# DESCRIPTION OF THE TASK
Skip all pictures. Write out the data below from its first line through the line that contains "2025 New Family".

#### EXTRACTED MATERIAL ####

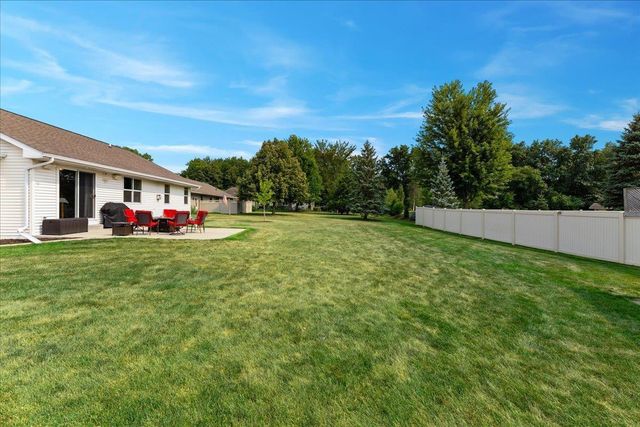 2540 MANITOWOC ROAD, Green Bay, WI 54311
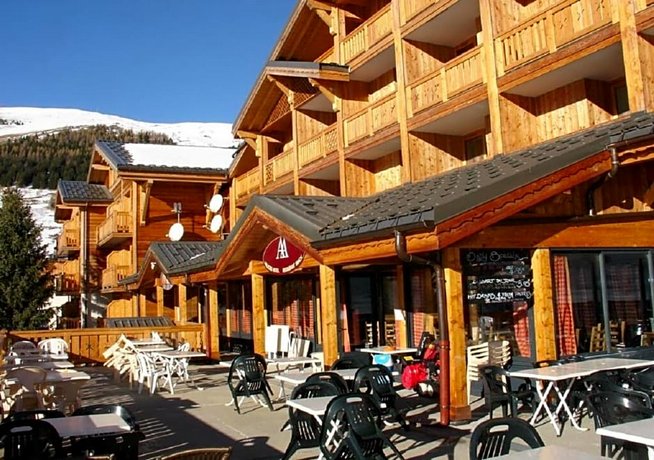 Hotel Aalborg Les Deux Alpes Ski Resort France thumbnail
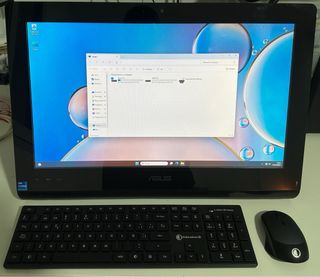 AIO Asus I7 8 GB 500 GB SSD, 1 TB HDD Y W11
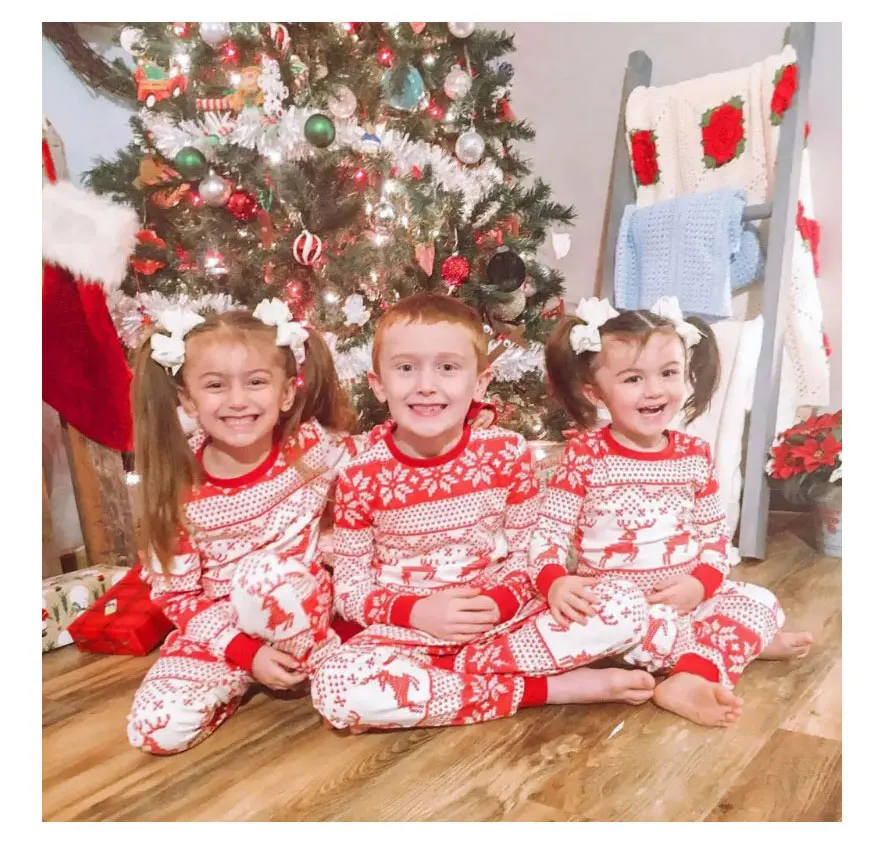 2025 New Family Christmas Pajamas Mom Dad Kids Matching Clothing Set Baby Romper Pjs Soft Loose 2 Pieces Suit Homewear Xmas Look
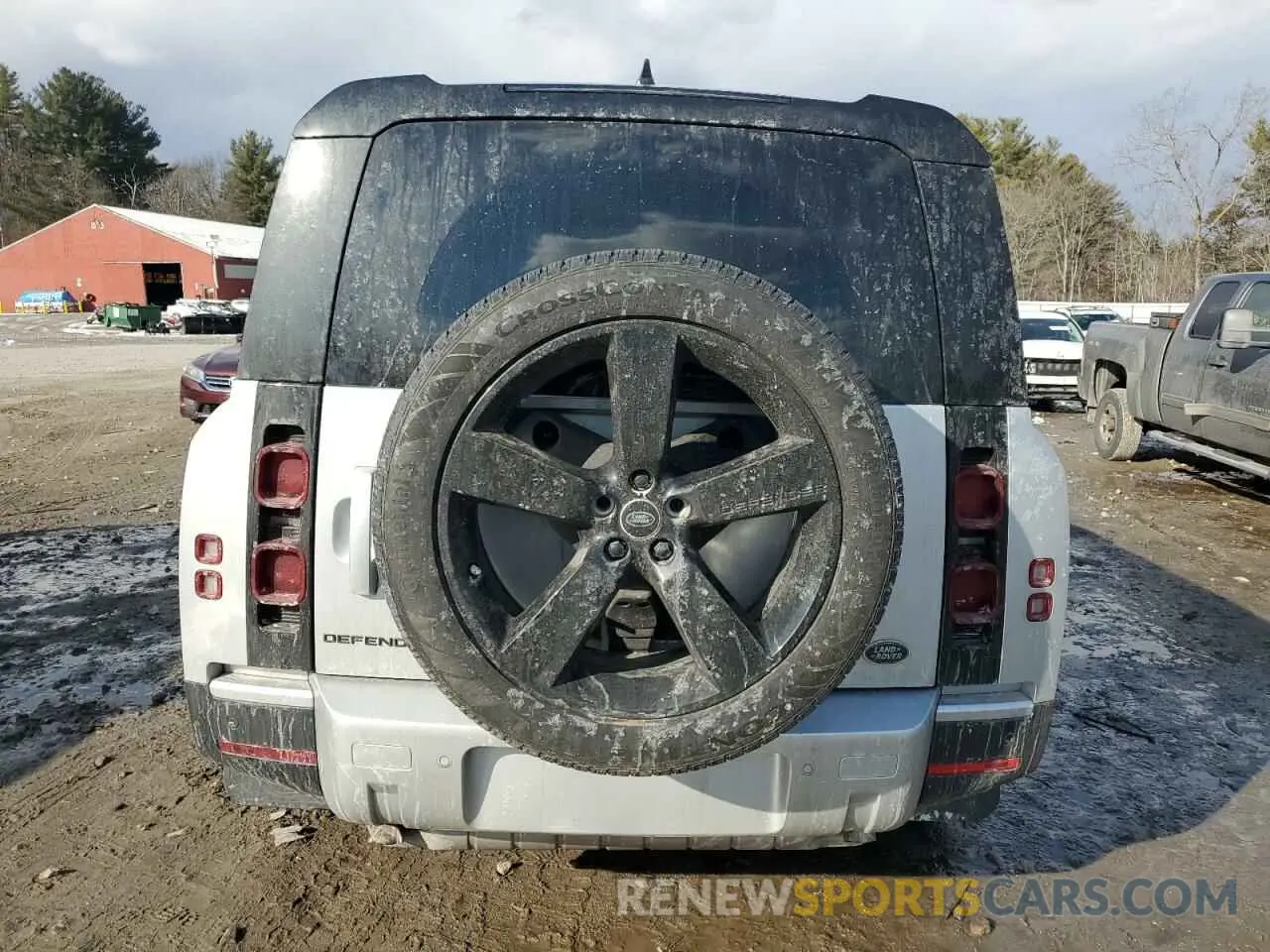6 Photograph of a damaged car SALEJFEUXP2229892 LAND ROVER DEFENDER 2023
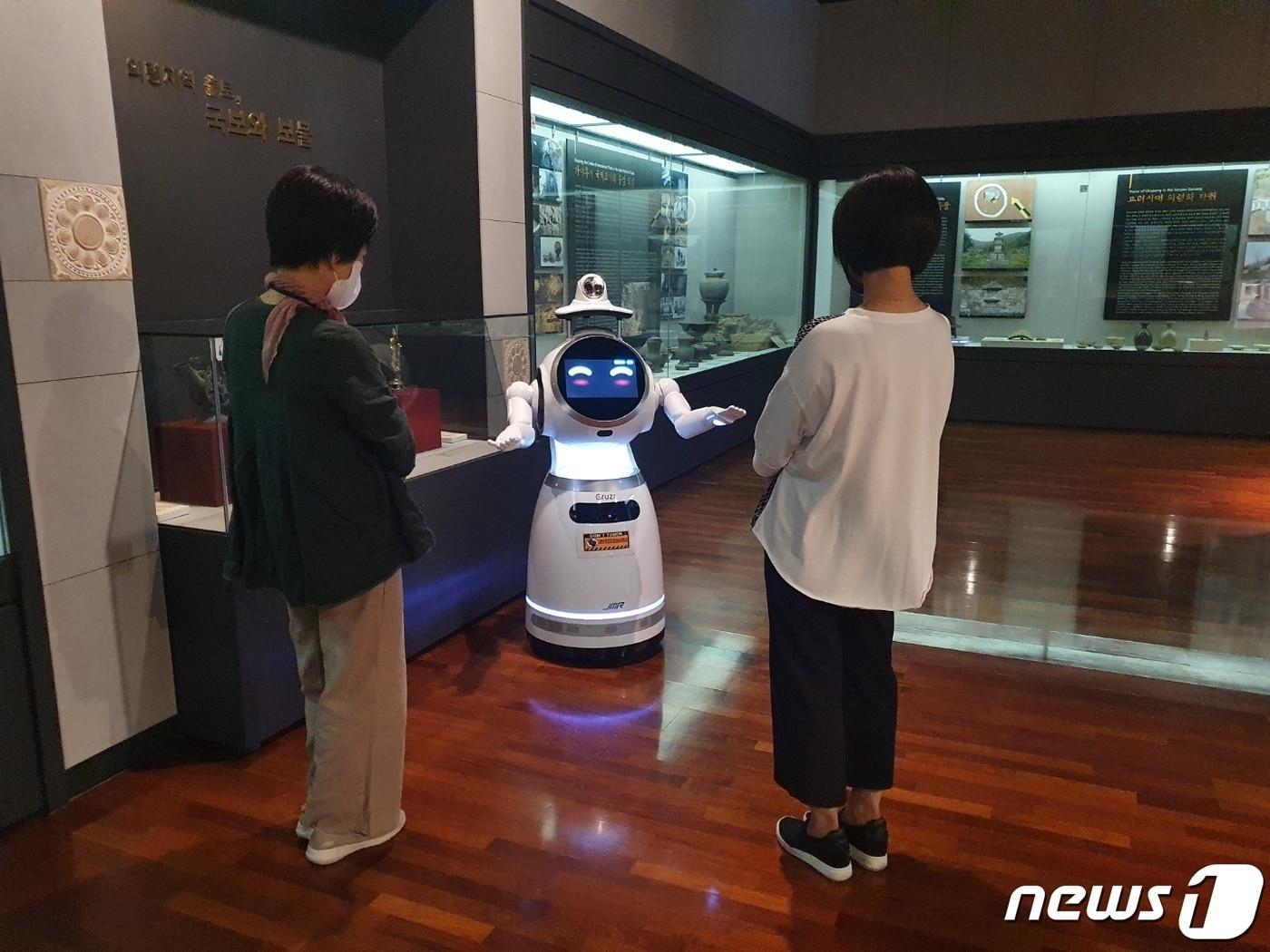 본문 이미지 - 의령군 의병박물관이 인공지능 전시해설 로봇을 도입해 23일부터 본격 운영에 들어간다.(의령군 제공)ⓒ 뉴스1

####

# RESULT OF THE TASK
 2540 MANITOWOC ROAD, Green Bay, WI 54311
 Hotel Aalborg Les Deux Alpes Ski Resort France thumbnail
 AIO Asus I7 8 GB 500 GB SSD, 1 TB HDD Y W11
 2025 New Family Christmas Pajamas Mom Dad Kids Matching Clothing Set Baby Romper Pjs Soft Loose 2 Pieces Suit Homewear Xmas Look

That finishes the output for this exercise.